§ Problem description: Once the line with "Architectural drawing project" is reached, output it and every line after it, exactly, through the end of the records below. Pictures are skipped.

Short text fragments from websites:
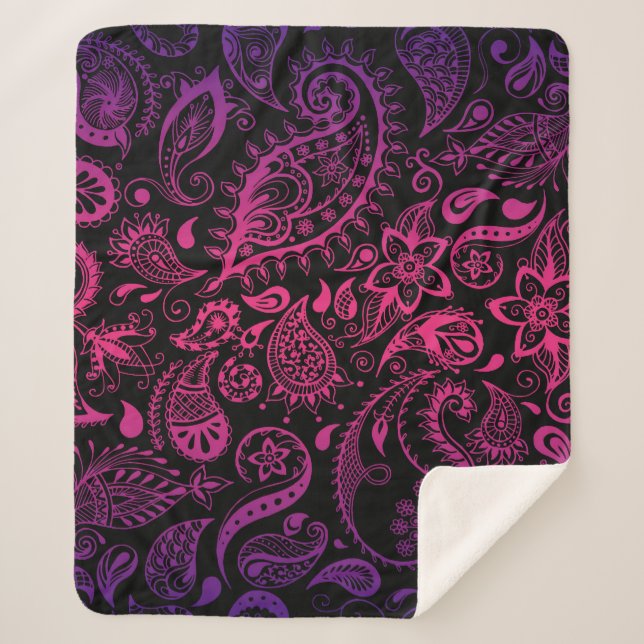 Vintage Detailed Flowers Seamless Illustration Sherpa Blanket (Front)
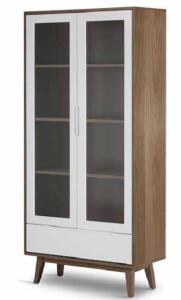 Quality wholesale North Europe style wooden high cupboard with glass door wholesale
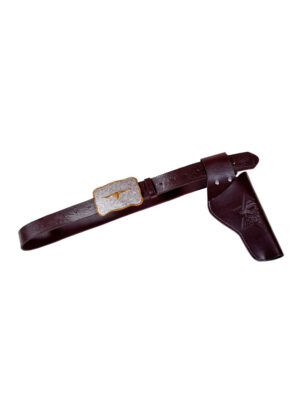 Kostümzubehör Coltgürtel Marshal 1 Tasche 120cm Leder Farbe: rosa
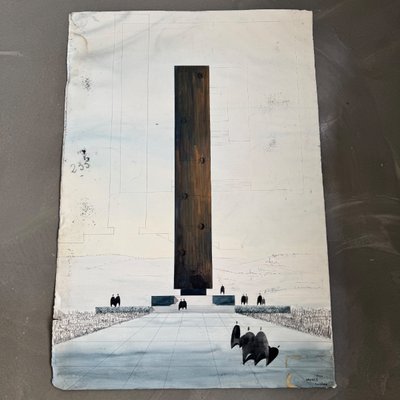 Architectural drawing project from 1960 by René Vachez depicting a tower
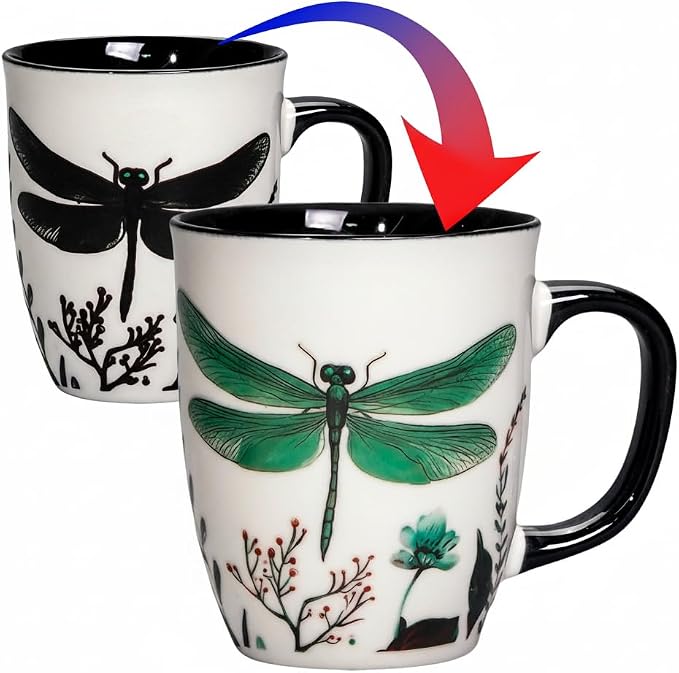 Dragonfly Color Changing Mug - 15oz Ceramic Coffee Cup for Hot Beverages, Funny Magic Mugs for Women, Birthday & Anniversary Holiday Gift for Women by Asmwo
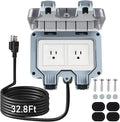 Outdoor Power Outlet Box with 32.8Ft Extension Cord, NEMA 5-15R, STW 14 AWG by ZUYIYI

§ Finished task:
 Architectural drawing project from 1960 by René Vachez depicting a tower
 Dragonfly Color Changing Mug - 15oz Ceramic Coffee Cup for Hot Beverages, Funny Magic Mugs for Women, Birthday & Anniversary Holiday Gift for Women by Asmwo
 Outdoor Power Outlet Box with 32.8Ft Extension Cord, NEMA 5-15R, STW 14 AWG by ZUYIYI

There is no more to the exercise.